Desde la primera noche con poco sueño, el cuerpo comienza a resentirlo. Se reduce la capacidad de concentración, la memoria se vuelve menos eficiente y el estado de ánimo puede verse afectado, generando irritabilidad o ansiedad.
Esto le pasa a tu cuerpo cuando no duermes bien
A nivel físico, dormir poco impacta el sistema inmunológico, lo que vuelve a la persona más vulnerable a infecciones. También se altera el metabolismo, aumentando el riesgo de subir de peso, desarrollar diabetes tipo 2 y problemas cardiovasculares.
El cerebro tampoco descansa correctamente. Durante el sueño profundo, el organismo elimina toxinas acumuladas a lo largo del día; al no completar este proceso, se incrementa el deterioro cognitivo a largo plazo.
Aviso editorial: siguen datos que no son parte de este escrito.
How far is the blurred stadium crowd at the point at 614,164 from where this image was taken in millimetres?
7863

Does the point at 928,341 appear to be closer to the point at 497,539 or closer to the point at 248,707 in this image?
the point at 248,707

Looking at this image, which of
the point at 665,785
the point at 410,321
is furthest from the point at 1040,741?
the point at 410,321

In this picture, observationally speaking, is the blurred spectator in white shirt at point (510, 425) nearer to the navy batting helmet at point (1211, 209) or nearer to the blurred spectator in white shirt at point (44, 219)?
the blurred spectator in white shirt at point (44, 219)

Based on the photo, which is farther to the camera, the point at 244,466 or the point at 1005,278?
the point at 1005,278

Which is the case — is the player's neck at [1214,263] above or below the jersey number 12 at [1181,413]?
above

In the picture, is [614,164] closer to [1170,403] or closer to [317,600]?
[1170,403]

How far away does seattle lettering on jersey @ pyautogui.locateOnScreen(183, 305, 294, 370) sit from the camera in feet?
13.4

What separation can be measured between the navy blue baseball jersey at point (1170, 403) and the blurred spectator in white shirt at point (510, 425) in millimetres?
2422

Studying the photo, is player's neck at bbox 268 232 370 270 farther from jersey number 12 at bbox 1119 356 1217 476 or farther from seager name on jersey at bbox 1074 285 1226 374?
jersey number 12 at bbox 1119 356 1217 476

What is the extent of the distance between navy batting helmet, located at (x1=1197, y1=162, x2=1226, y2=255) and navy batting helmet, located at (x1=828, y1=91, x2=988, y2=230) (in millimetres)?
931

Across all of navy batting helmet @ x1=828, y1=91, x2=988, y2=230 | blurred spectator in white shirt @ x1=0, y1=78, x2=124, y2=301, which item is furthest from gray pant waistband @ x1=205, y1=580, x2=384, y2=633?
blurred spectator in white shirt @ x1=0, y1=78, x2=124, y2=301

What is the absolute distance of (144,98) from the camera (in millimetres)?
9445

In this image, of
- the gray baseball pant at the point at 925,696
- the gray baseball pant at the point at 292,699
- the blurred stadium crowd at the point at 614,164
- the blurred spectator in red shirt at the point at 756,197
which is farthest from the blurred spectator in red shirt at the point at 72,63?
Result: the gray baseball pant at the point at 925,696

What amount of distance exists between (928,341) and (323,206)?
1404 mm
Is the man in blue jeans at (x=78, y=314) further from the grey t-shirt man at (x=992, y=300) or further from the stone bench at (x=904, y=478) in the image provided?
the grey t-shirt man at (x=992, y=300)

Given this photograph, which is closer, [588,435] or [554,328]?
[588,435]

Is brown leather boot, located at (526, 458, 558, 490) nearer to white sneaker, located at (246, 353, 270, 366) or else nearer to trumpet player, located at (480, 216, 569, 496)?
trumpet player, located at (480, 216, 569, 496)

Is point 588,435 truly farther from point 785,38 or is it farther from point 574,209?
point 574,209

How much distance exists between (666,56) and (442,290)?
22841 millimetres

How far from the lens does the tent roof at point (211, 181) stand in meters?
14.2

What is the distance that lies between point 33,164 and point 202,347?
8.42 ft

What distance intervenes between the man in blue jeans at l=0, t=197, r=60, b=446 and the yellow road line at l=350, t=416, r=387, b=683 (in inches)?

Otro efecto importante es el desequilibrio hormonal. La falta de sueño afecta hormonas relacionadas con el apetito, lo que puede provocar más hambre y antojos, especialmente de alimentos altos en azúcar y grasa.
Además, dormir menos de seis horas se ha asociado con mayor riesgo de hipertensión, enfermedades del corazón y disminución en la calidad de vida.
¿Cuantas horas debo dormir?
Especialistas recomiendan dormir entre 7 y 9 horas por noche para que el cuerpo pueda recuperarse correctamente y mantener un funcionamiento óptimo.
Dormir bien no es un lujo, es una necesidad básica para la salud.